More saliently, the joint Washington–Jerusalem deadline for the Lebanese government to complete the disarmament of Hezbollah in southern Lebanon by the end of 2025 came and went without substantially changing the situation on the ground. Iranian efforts to rearm Hezbollah seem to have actually intensified in recent weeks and Israel is threatening to mount a major offensive against Hezbollah in the near future. The Lebanese government promised Israel and Washington that it would clear southern Lebanon of Hezbollah fighters and bases. But the government is afraid of triggering a new civil war and has therefore been lackadaisical in its moves against Hezbollah. Over the year since Israel and Hezbollah agreed to a ceasefire in November 2024, the Jewish State has intermittently attacked Hezbollah positions and personnel and some 400 Hezbollah fighters have been killed. So far, Trump has not restrained Israel. But it appears that in his talks with Netanyahu he vetoed a major Israeli assault for the time being, which leaves the situation along the Israel–Lebanon border precarious. Many of the Israelis who left their border-hugging communities during the Israeli–Hezbollah clashes of 2023–24 have still not returned to their homes.
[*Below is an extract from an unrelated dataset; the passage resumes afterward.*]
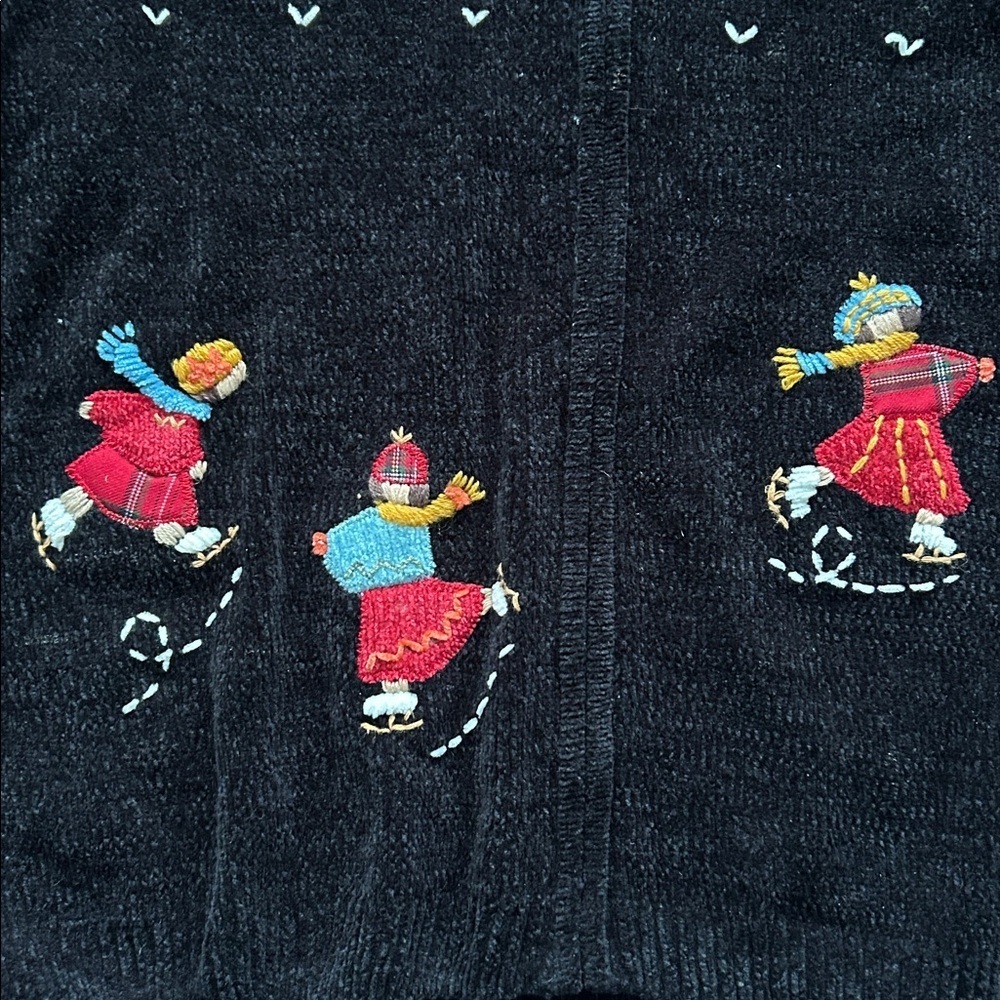 Alfred Donner womens cozy knit winter ice skating full zip cardigan sweater 2X - Picture 5 of 8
Lastly, it appears that at their meetings, Trump urged Netanyahu to clamp down on Israeli settlers’ attacks on Palestinian communities in the West Bank. Settler violence has risen several notches since 7 October 2023, claiming dozens of Palestinian lives and forcing many small Palestinian communities to flee their homes, especially along the southern and eastern flanks of the West Bank. Netanyahu appears to have agreed to a clamp-down, but most Israeli observers doubt that he will actually order the IDF or the police to do anything, as this might imperil his coalition government, which is propped up by extreme right-wing ministers, including the police minister Itamar Ben-Gvir, who support the settlers’ assaults on the Palestinian farmers and shepherds as furthering their strategic goal of ultimately annexing the West Bank. The United States has traditionally opposed such an annexation.

All in all, the Trump–Netanyahu partnership appears to be holding—though the Middle East is so volatile that significant challenges to their unity could arise from any of the region’s hotspots at any moment.